▸ **Data for this exercise**:
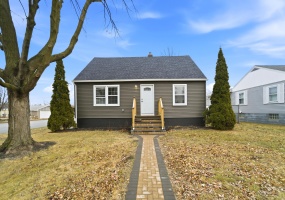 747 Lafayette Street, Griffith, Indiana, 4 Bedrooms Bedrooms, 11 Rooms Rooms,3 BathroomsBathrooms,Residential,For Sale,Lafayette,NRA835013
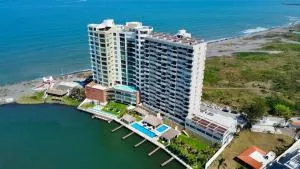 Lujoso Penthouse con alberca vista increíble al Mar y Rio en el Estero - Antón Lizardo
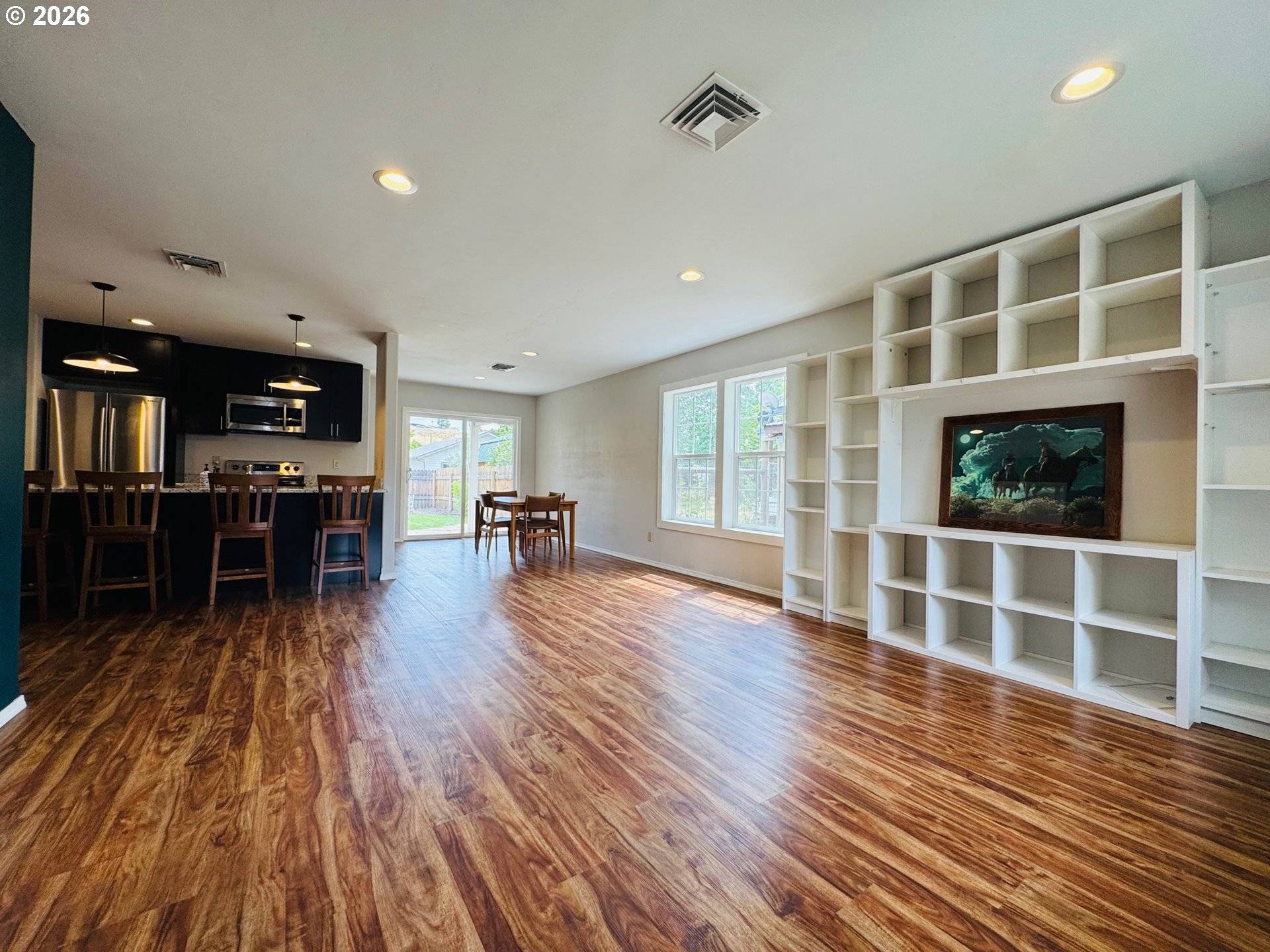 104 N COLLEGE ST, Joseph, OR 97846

==

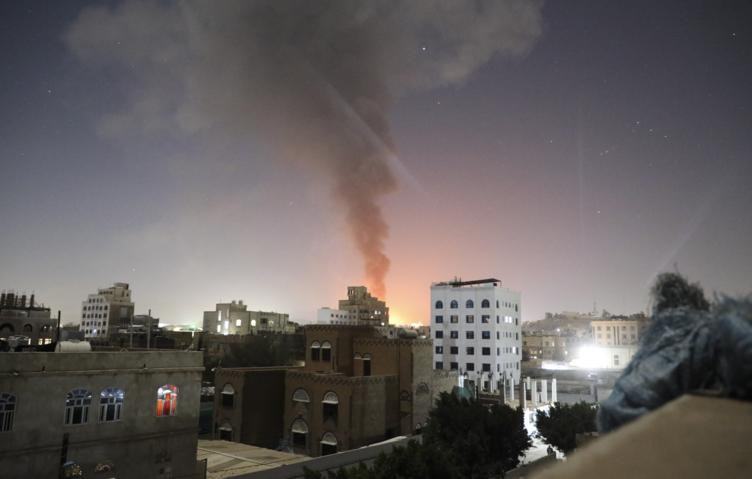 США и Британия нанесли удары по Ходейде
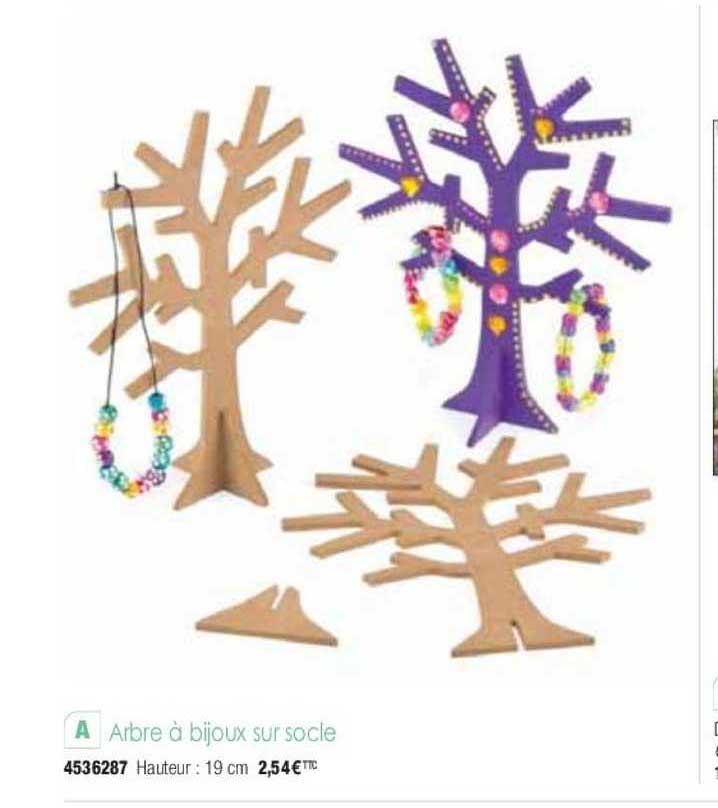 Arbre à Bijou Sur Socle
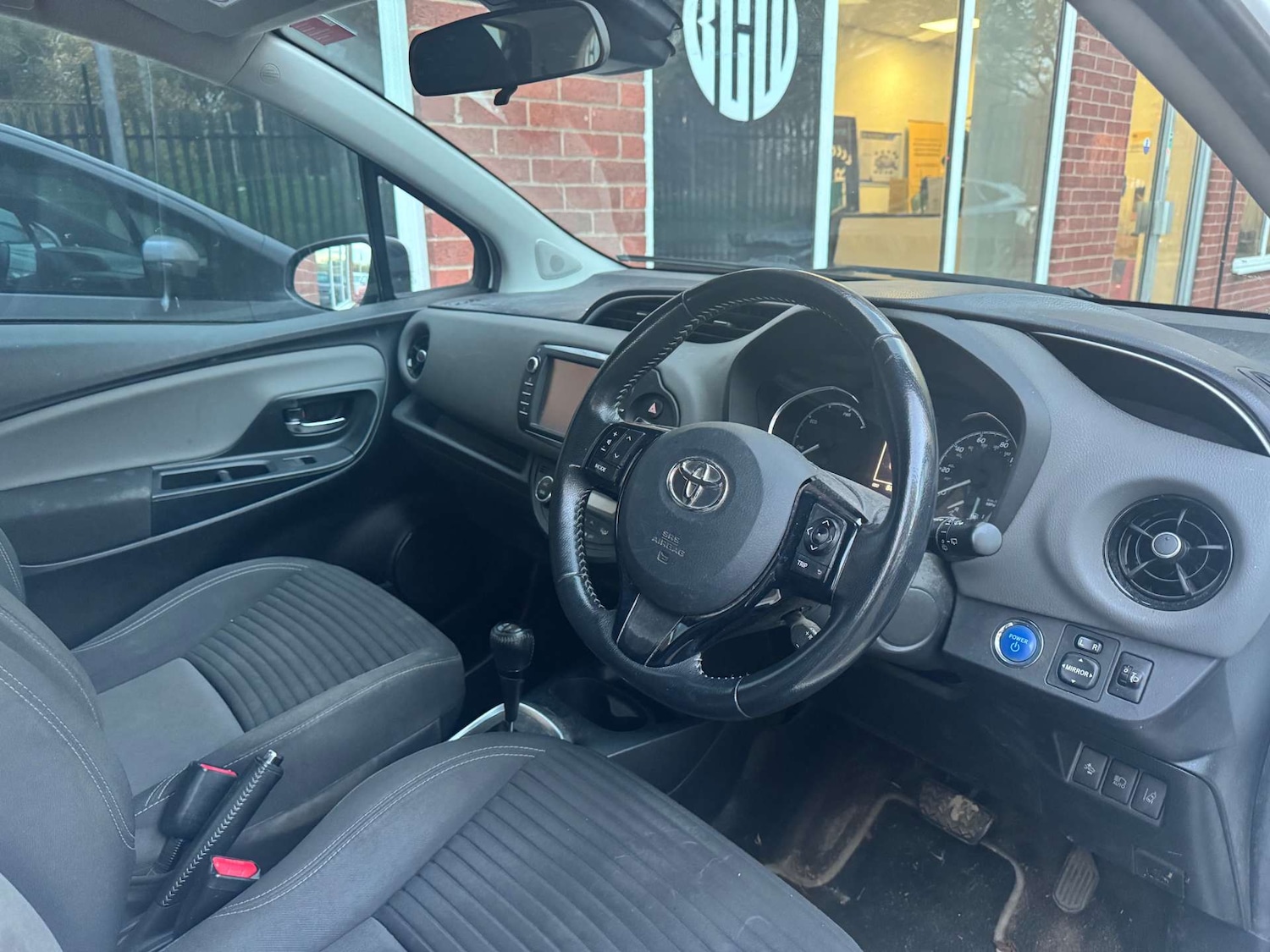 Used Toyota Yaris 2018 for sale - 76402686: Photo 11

---

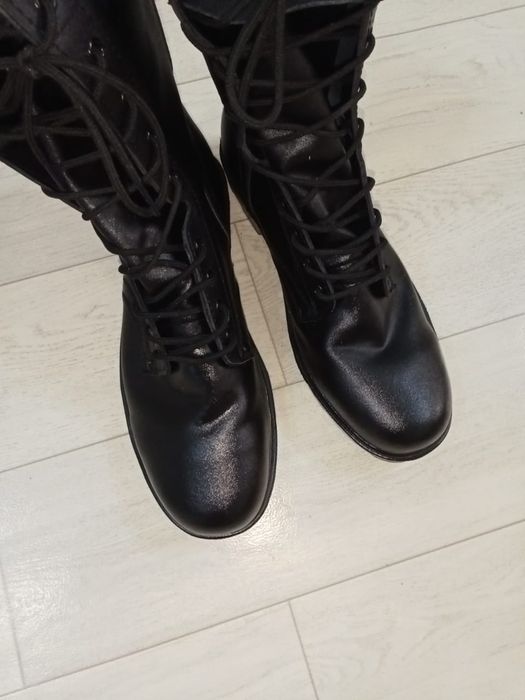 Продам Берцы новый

▸ **Task instructions**:
Pictures in the entries do not go into the copy. Print only the lines starting at the one containing "747 Lafayette Street, Griffith, Indiana, 4" and ending at the one containing "104 N COLLEGE ST, Joseph, OR 97846", exactly as they appear.

▸ **Expected answer**:
 747 Lafayette Street, Griffith, Indiana, 4 Bedrooms Bedrooms, 11 Rooms Rooms,3 BathroomsBathrooms,Residential,For Sale,Lafayette,NRA835013
 Lujoso Penthouse con alberca vista increíble al Mar y Rio en el Estero - Antón Lizardo
 104 N COLLEGE ST, Joseph, OR 97846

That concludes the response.